The world is producing and consuming digital information at an astounding rate. In 2018, we created, captured, copied, and consumed an estimated 33 zettabytes (ZB)—the equivalent of 33 trillion gigabytes—of data. This expanded to 59 ZB in 2020 and is forecasted to reach a staggering 175 ZB by 2025.

This massive explosion in digital data, along with a manifold increase in computing power, has powered the growth of 'data science', where scientific and mathematical methods are used to extract actionable insights from a large volume of collected data. These insights are of particular use for the finance industry, especially in the following domains:

Digital Lending 

With the spread of the COVID-19 pandemic, digital lending has gathered steam. As per RBI data, the share of digital loans in total Non-banking Financial Company (NBFC) lending in India has grown from a mere 0.68% in FY2017 to a massive 60.53% in FY2020.  In digital lending, all processes related to loan origination, approval, disbursal, and recovery are done online and remotely, mostly through mobile apps. Digital lenders can deploy data science to create robust risk algorithms that use data from myriad structured and unstructured sources, including social media.  Data points collected for consumer lending consist of location, age, gender, income, type of employment, and so on.  For B2Blending, the algorithm uses firmographic data, identity, financial, compliance, legal, and financial data.

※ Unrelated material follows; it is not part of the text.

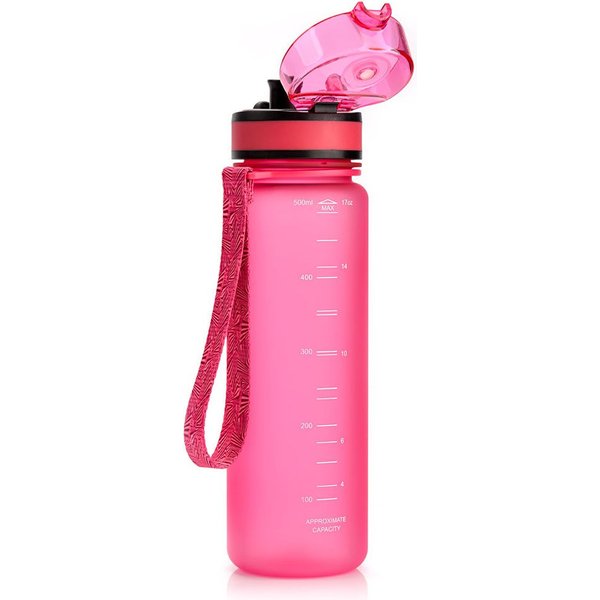 Bidon sportowy 500ml Meteor - różowa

The availability of a large range of data points helps lenders better understand the behaviour of their borrowers, ensuring lower credit risk. The quality of lending improves significantly when data-driven models are deployed, as loans are approved on the back of objective data checks. Data-driven digital lending solutions help lenders to identify and engage with the right customer profiles through the borrowers' life cycle, thus improving the lenders' profitability.

Risk Management

Risk is an intrinsic component of the finance business. Therefore, it is essential to identify and quantify risk factors before taking lending, credit, or investment decisions. Data-science drove risk analytics help organise and analyse unstructured data, which forms the bulk of a business' risk-related information, and drastically reduce the probability of human error.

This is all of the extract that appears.